No; even in the core game, there are at least a couple of different ways you can go that would not necessarily want either feat (archery, trip-lockdown). Beyond core, there are many, many options that might not use those feats.

But a huge proportion of martial characters will take those, and make them central part of their combat style. In general, though, that’s not really saying much: most feats are taken in order to be a central part of someone’s combat style, especially martial feats. If a feat isn’t doing that, it’s usually not worth taking. (Exceptions, of course, abound.)

  1. How did ranged characters go about staying effective past the first couple of levels?

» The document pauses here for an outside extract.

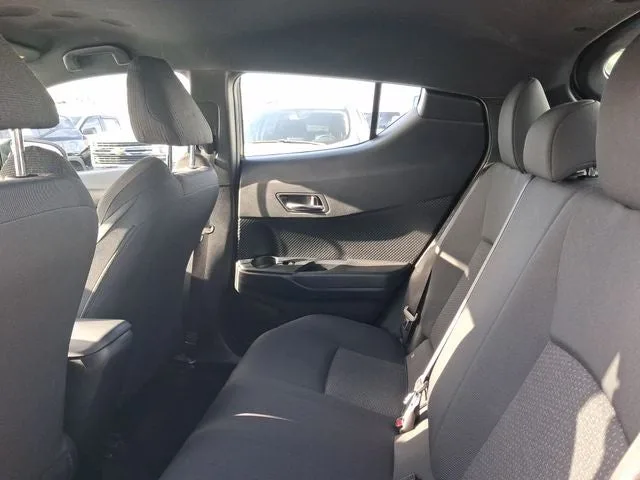 2019 Toyota C-HR LE photo 6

That’s going to vary quite a bit, but ranged attacks and the relevant feats tend to be amenable to making many, many attacks. Most of the focus, then, will be about maximizing the number of attacks while applying some damage bonus (sneak attack, favored enemy, Dexterity, etc.) over and over.

There are fewer options for doing things differently for ranged characters: while there are a few options for doing combat maneuvers or something similar at range, they are both costly and limited, and tend to be regarded as poor. Also, weirdly, archery has less support than you’d think it would: throwing builds weirdly tend to have more options (though splitting goes a long way towards making archery worthwhile).

  1. Did full attacks / iterative attacks end up being useful in practice? Or was the iterative -5 penalty for subsequent attacks such that those attacks are rarely hitting, and it was best to focus on the first attack?

They are absolutely critical. Turns without a full attack are often seen as completely wasted for mid-to-high-level martial characters. Building a way to move and still full attack is often considered necessary to a true martial build.

The penalties, of course, do matter. That last −15 attack may not be worth very much to a lot of people. But that depends on build—there are definitely ways to continue to have a strong likelihood of achieving a hit even while using Power Attack and making one’s −15 iterative. AC just doesn’t scale very well, so high-level warriors often have very-high accuracy needed to make things like Power Attack and iteratives very valuable.

  1. Some "martial" classes, like the rogue and if I remember rightly the scout, had a 2/3 base attack bonus progression. Was that a major hindrance to ability to hit, or in practice did it just mean less power attack?

The progression is ¾, not ⅔.

Anyway, such classes rarely take Power Attack, both because of accuracy issues and because Power Attack’s penalty (and thus bonus) is limited by one’s BAB.

Those classes are also often interested in dual-wielding, or ranged attacks. Power Attack doesn’t work well with those most of the time, since light weapons (other than unarmed strikes) and ranged attacks don’t benefit from the damage bonus but do take the attack penalty. Dual-wielding has some exceptions—a two-hander and an unarmed strike is a pretty good combo that gets good returns on Two-Weapon Fighting + Power Attack—but most ranged attacks are pretty much out of luck. There’s at least one magical bow (Hank’s energy bow from the cartoon box set booklet) that has a Power Attack-like feature, which is a very nice feature since it’s a solid damage bonus (on a combat style that already tends to have lots of attacks), but that’s not the actual Power Attack feat per se, just a special magic ability that works similarly.

As for accuracy, it counts, it’s not insignificant, but lower BAB tends to be less of a problem than, say, “multiple ability dependency.” For instance, monks often have accuracy problems, and their ¾ BAB is definitely part of that—but the fact that they really need Strength, Dexterity, Constitution, and Wisdom, and there’s just no way to keep all of those scores competitive, is a much bigger problem.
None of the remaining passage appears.